On March 18, 2022, Berkshire Hathaway Finance Corporation (“BHFC”) issued (i) €500,000,000 aggregate principal amount of its 1.500% Senior Notes due 2030 and (ii) €750,000,000 aggregate principal amount of its 2.000% Senior Notes due 2034 ((i) and (ii), together, the “Notes”) under a registration statement on Form S-3 under the Securities Act of 1933, as amended (the “Securities Act”), filed with the Securities and Exchange Commission (the “Commission”) on January 28, 2022 (Registration Nos. 333-262384 and 333-262384-01) (the “Registration Statement”). The Notes, which are fully and unconditionally guaranteed by Berkshire Hathaway Inc. (“Berkshire”), were sold pursuant to an underwriting agreement entered into on March 8, 2022, by and between (a) BHFC and Berkshire and (b) J.P. Morgan Securities plc and Merrill Lynch International.

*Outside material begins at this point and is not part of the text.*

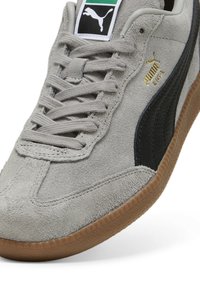 Puma LIGA - Tenisice - concrete gray black gold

The Notes were issued under an Indenture, dated as of January 28, 2022, by and among BHFC, Berkshire, and The Bank of New York Mellon Trust Company, N.A. (the “Indenture”) and (i) an officers’ certificate dated as of March 18, 2022 by BHFC with respect to its 1.500% Senior Notes due 2030 (the “2030 Notes Officers’ Certificate”) and (ii) an officers’ certificate dated as of March 18, 2022 by BHFC with respect to its 2.000% Senior Notes due 2034 (the “2034 Notes Officers’ Certificate” and, together with the 2030 Notes Officers’ Certificate, the “Officers’ Certificates”).

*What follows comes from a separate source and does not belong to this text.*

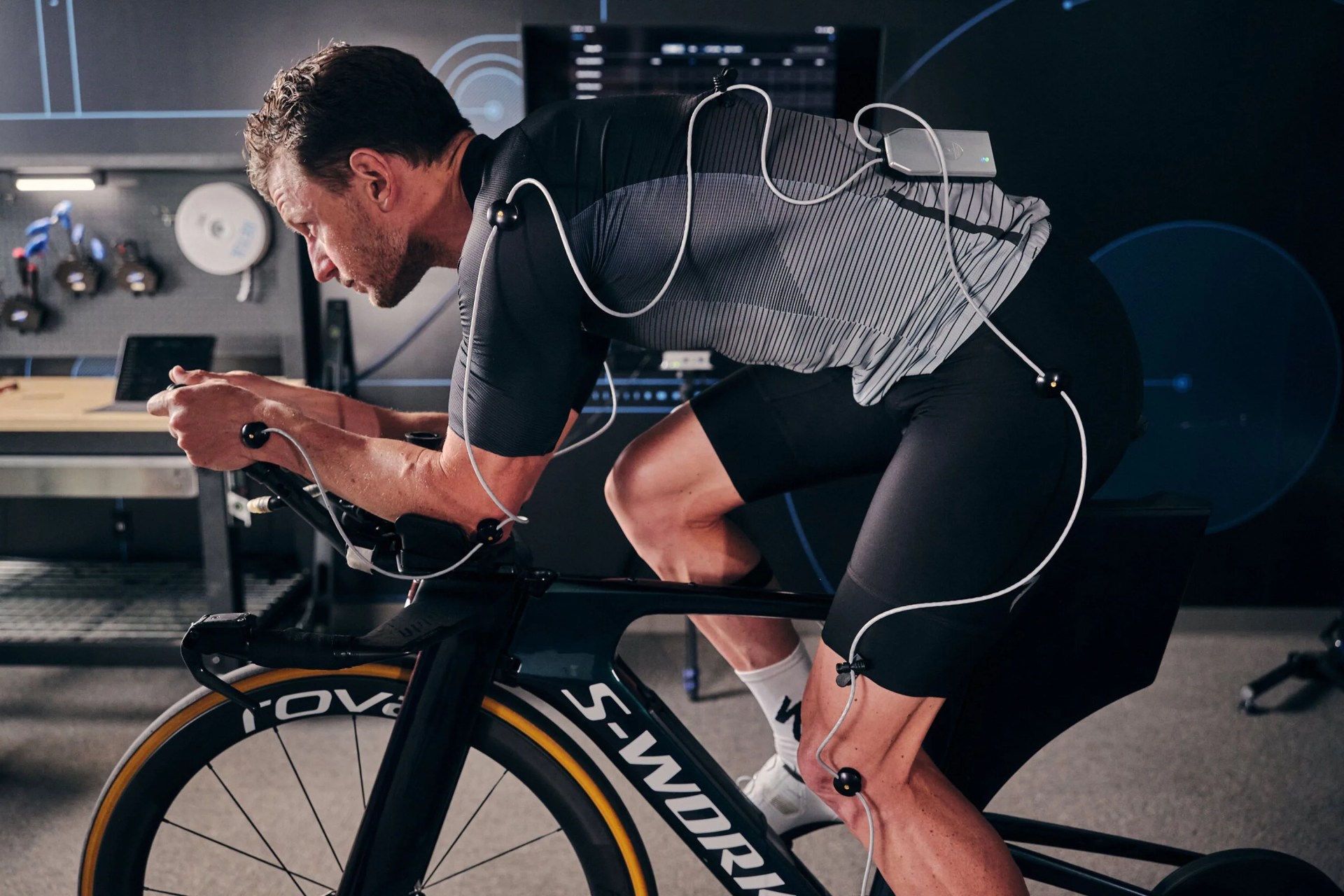 a man on a bike with wires checking his form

The relevant terms of the Notes and the Indenture are further described under the caption “Description of the Notes and Guarantees” in the prospectus supplement relating to the Notes, dated March 8, 2022, filed with the Commission by Berkshire and BHFC on March 10, 2022, pursuant to Rule 424(b)(5) under the Securities Act and in the section entitled “Description of the Debt Securities” in the base prospectus relating to debt securities of BHFC, dated January 28, 2022, included in the Registration Statement, which descriptions are incorporated herein by reference.
A copy of the Indenture is set forth in Exhibit 4.1 of the Registration Statement and is incorporated herein by reference. A copy of the 2030 Notes Officers’ Certificate is attached hereto as Exhibit 4.2 and is incorporated herein by reference. A copy of the 2034 Notes Officers’ Certificate is attached hereto as Exhibit 4.3 and is incorporated herein by reference. The descriptions of the Indenture, the Officers’ Certificates and the Notes in this report are summaries and are qualified in their entirety by the terms of the Indenture, the Officers’ Certificates and the Notes, respectively.